The massacre of 45 ethnic Albanian villagers at Racak by Serbian Interior Ministry police shatters the ceasefire agreed in October and renews the threat of Nato bombing.

6 February

Serbian and Albanian negotiators, summoned by Western powers, begin peace negotiations at the chateau of Rambouillet, near Paris.

19 March

Kosovo Albanians unilaterally sign peace deal calling for a broad interim autonomy and 28,000 Nato troops to implement it. Serbs refuse; talks suspended.

20 March

International peace monitors evacuate Kosovo, as Yugoslav forces build up and launch offensives against rebels.

23 March

The US special envoy, Richard Holbrooke (right) gives President Slobodan Milosevic final warning of war, but secures no concessions.

24 March

Nato launches scattered air strikes across Yugoslavia as EU leaders meet. Belgrade declares state of war. Yevgeny Primakov, then Russian Prime Minister, turns around his aircraft over the Atlantic while on the way to Washington for talks on international loans.

27 March

Ethnic Albanians fleeing or expelled from Kosovo start pouring into Albania and Macedonia.

30 March

Russian Prime Minister, Yevgeny Primakov visits Belgrade and is seen laughing and joking with Milosevic.

6 April

Serbia declares unilateral ceasefire ahead of Orthodox Easter, brushed aside by Nato. Kosovo Albanians form a government in exile run by the KLA.

13 April

"Co-operative" talks in Oslo between Secretary of State Madeleine Albright and Russian Foreign Minister Igor Ivanov give the first sign Moscow is abandoning unquestioning support of Milosevic.

14 April

President Boris Yeltsin appoints former prime minister Viktor Chernomyrdin, seen as less pro-Milosevic than Primakov, as Russia's Balkans envoy.

24/25 April

Nato summit in Washington.
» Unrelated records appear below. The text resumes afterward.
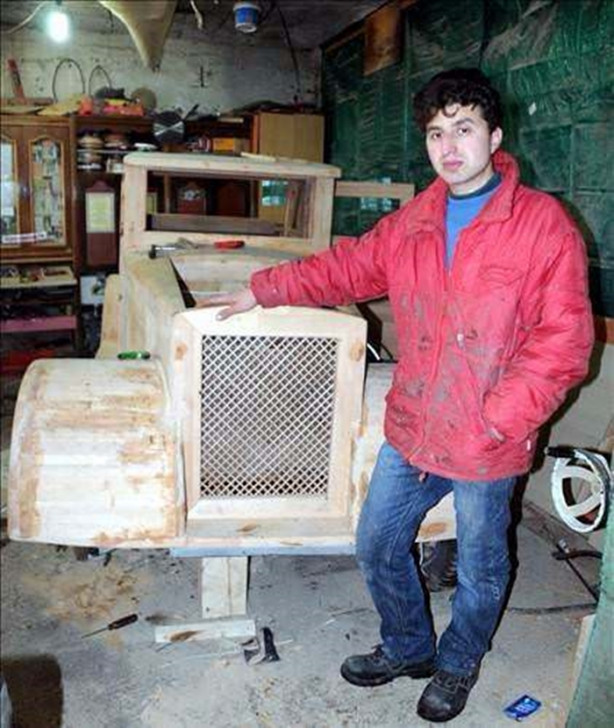 Foto - Çılgın adam ahşaptan otomobil yaptı!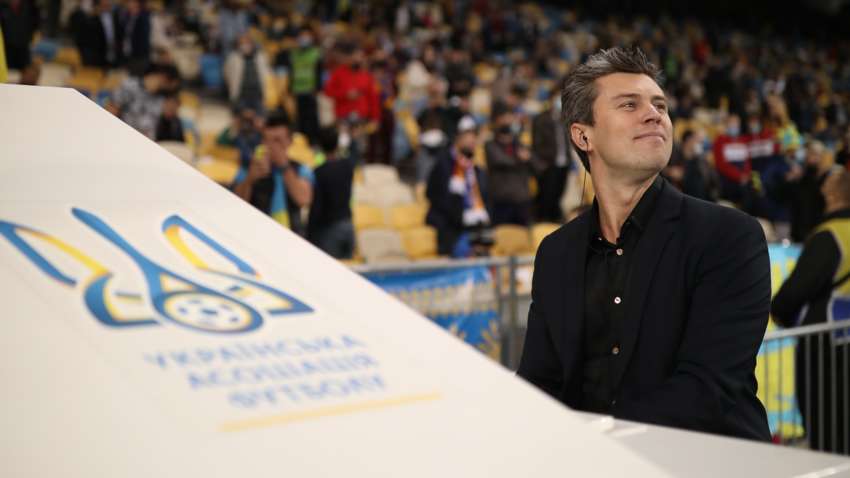 Украинцы на весь стадион спели «Червону руту» под аккомпанемент Хмары (ВИДЕО)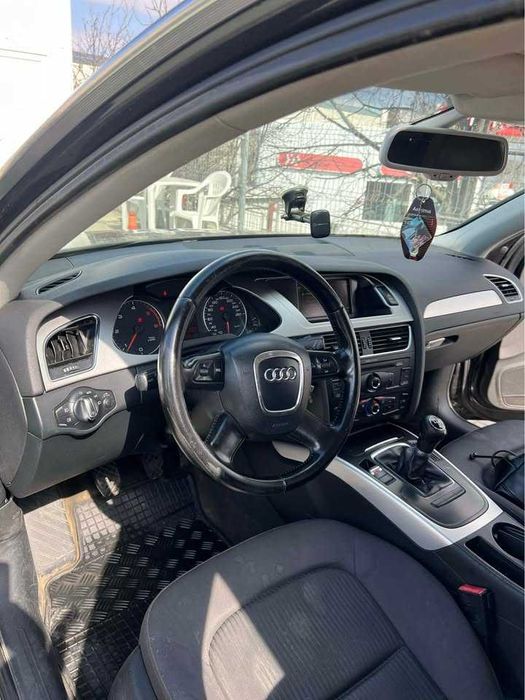 Vand Audi a4 B8, 2.0TDI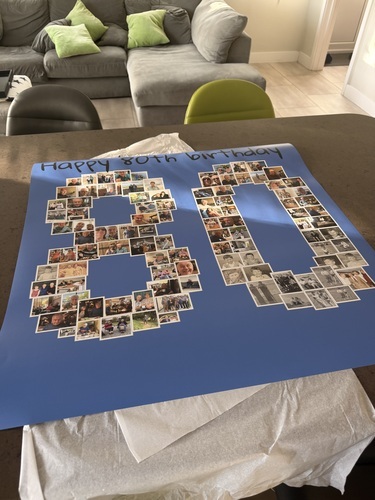 Poster pêle-mêle pour un 80e anniversaire, avec photos formant le nombre 80 sur fond bleu, posé sur une table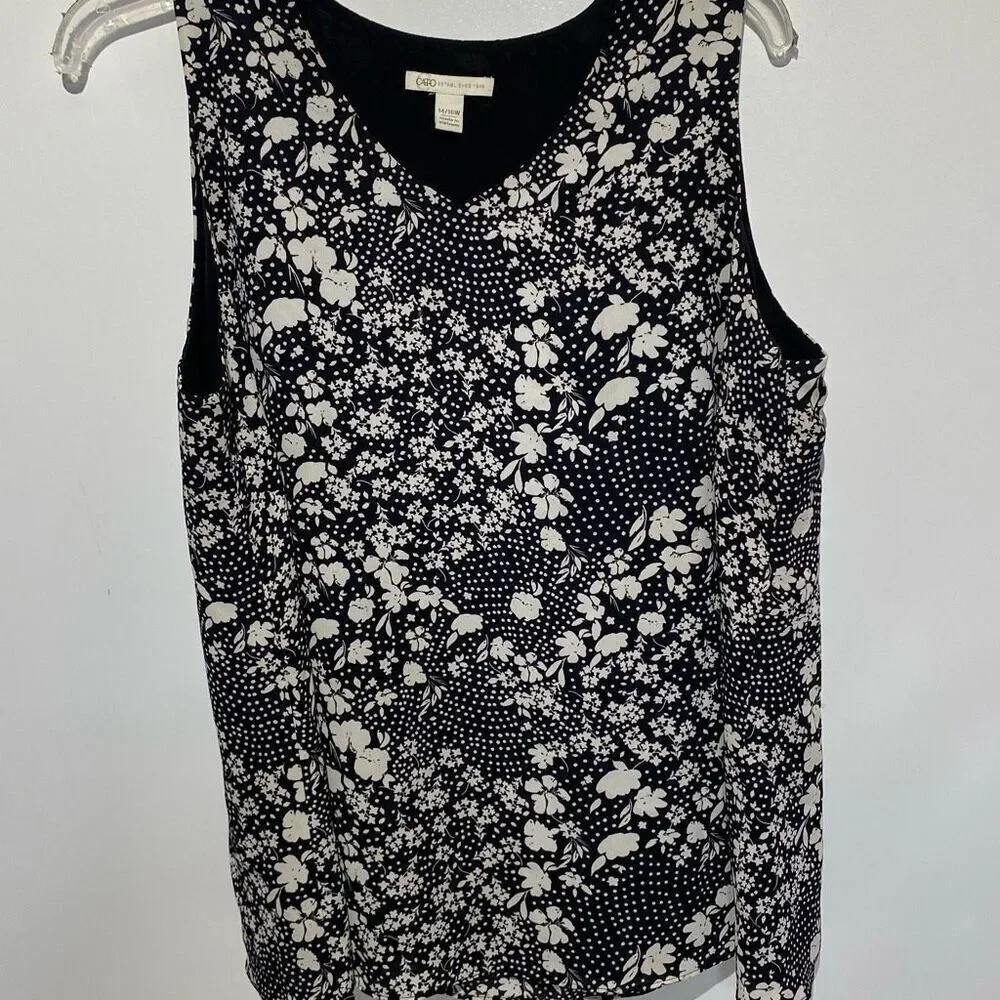 CATO Women's Black White‎ Floral V-Neck Sleeveless Blouse Size 14/16W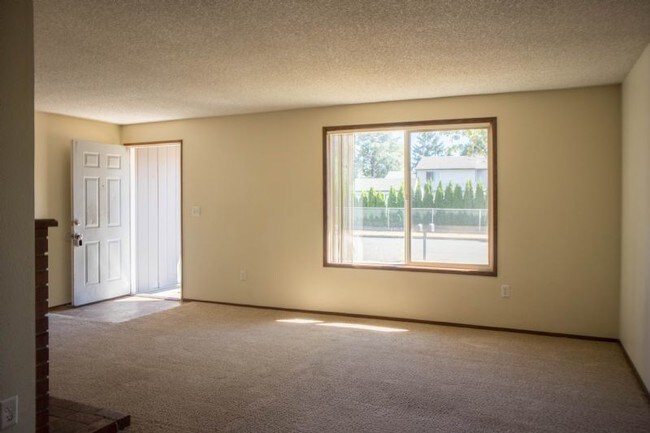 Building Photo - 3 Bedroom duplex in great location!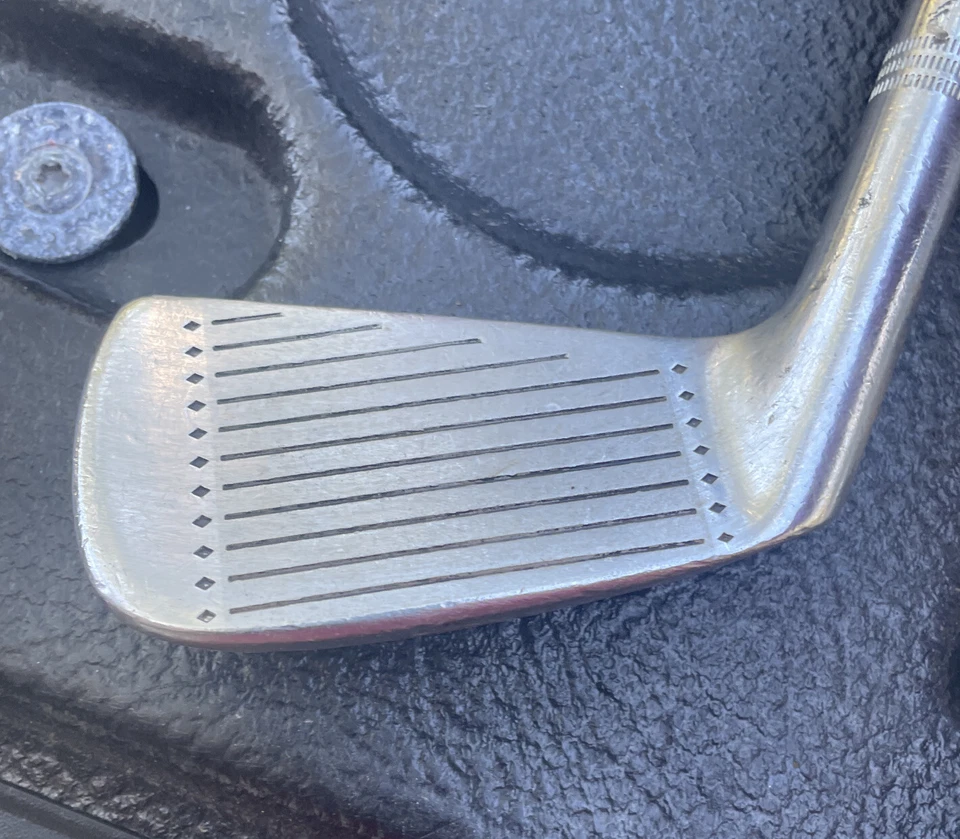 Винтажный айрон 1968 Wilson Staff DYNA-POWER Fluid Feel 2 для правосторонней стойки 38,5 дюйма жесткость Regular Flex - Изображение 3 из 4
Tony Blair fails to persuade allies to launch ground war.

6 May

Group of Seven leading industrial powers and Russia (the G8), agree in Bonn on blueprint for ending the war.

7 May

Nato bombing of Chinese embassy in Belgrade derails peace effort. Russia and China denounce Nato, and angry crowds demonstrate outside US and British embassies in Peking.

10 May

Yugoslavia says it is withdrawing some forces from Kosovo. Major Western powers dismiss the statement.

12 May

Search for peace further complicated as Yeltsin sacks Primakov and appoints Sergei Stepashin as Prime Minister

14 May

President Martti Ahtisaari of Finland, a former career UN diplomat, is brought into the peace process and meets UN Secretary-General Kofi Annan in the Netherlands. Ahtisaari, US Deputy Secretary of State Strobe Talbott and Chernomyrdin begin criss-crossing Europe as momentum towards a peace deal builds up.

15 May

Nato admits bombing Kosovo village of Korisa (right) but rejects blame for 87 civilian deaths

24 May

Head of UN fact-finding mission, Sergio Vieira de Mello, says he saw "revolting" evidence of ethnic cleansing after visit to Kosovo.

25 May

Nato allies agree to increase to about 48,000 the ground force being assembled for eventual use in Kosovo. Spokesman Jamie Shea says the war has reached "the end of the beginning" and all conditions for victory are in place.

27 May

UN war crimes tribunal indicts Milosevic and four others for crimes against humanity.

28 May

Official Yugoslav news agency Tanjug says Yugoslavia accepts "the general principles" agreed by the Group of Eight as a basis for bringing peace to Kosovo.

2 June

Ahtisaari (left) and Chernomyrdin leace Bonn for Belgrade after a delay caused by last-minute talks on the shape of peace proposals. They have first round of meetings with Milosevic

3 June

After further talks with Milosevic, peace plan is passed by Serbian parliament, and Belgrade accepts it.